Tonight reporter Gary Chitten and cameraman Pete Cassam from King 5 Television broadcast a nice story about the successful first test of a FLIR camera for detecting killer whales at night. The pilot study was designed by Jim Thomson of the UW Applied Physics Lab, his Master’s student Joe Graber, and his other staff. In collaboration with Jason Wood, Research Curator for The Whale Museum, and with the cooperation of Whale Watch State Park, the camera was deployed atop the Lime Kiln lighthouse where orcas commonly pass by close to shore during the summer months.
In just a week of effort, a suite of useful data were collected that are allowing Joe to assess to what extent automated signal processing algorithms can reliably detect orcas at night when they are up to 300 yards from the camera. Preliminary results suggest that a human can identify whales among the noise generated by waves at 300 yards, but the computer isn’t very reliable much further out than 100 yards. Perhaps a higher-resolution, top-of-the-line camera could improve the detection range?

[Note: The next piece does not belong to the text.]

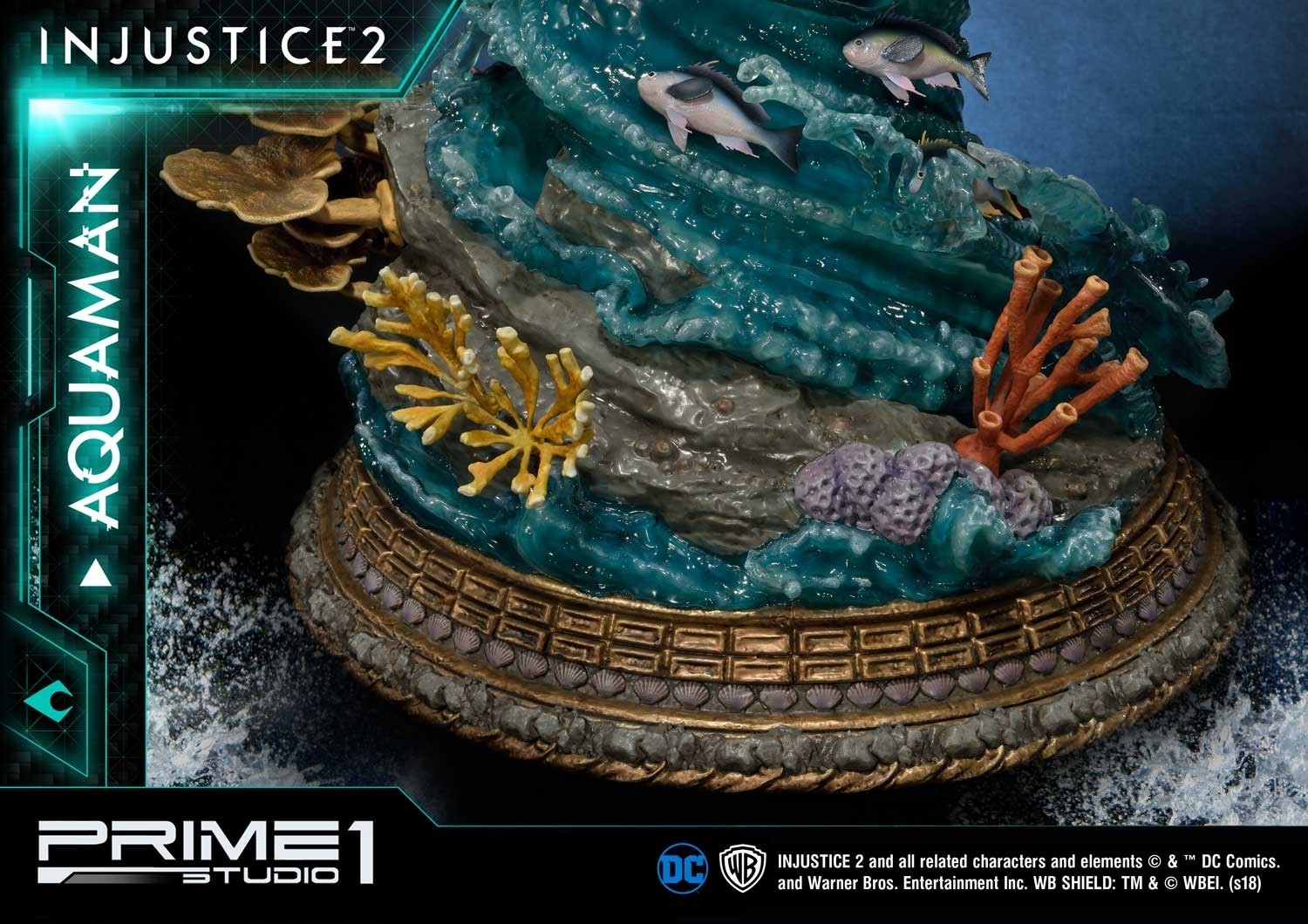Injustice 2 - Aquaman - Museum Masterline Series (PMDCIJ-01) - 1/4 (Prime 1 Studio) photo 18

The King 5 piece did an admirable job of conveying the importance of passive acoustic monitoring when attempting to detect approaching orcas. While infrared cameras may ultimately be able to detect killer whales up to a kilometer away, the loud calls and clicks made by the whales can be detected at 10 times that range when background noise levels are low. Together, infrared video cameras and real-time hydrophone networks constitute our best nighttime chance of knowing whether and when to shut down a turbine to mitigate it’s potential impacts on the fragile southern resident killer whale population. Sighting networks like Orca Network and human eyes at tidal turbine sites will be critical supplemental techniques for tracking whales during the day.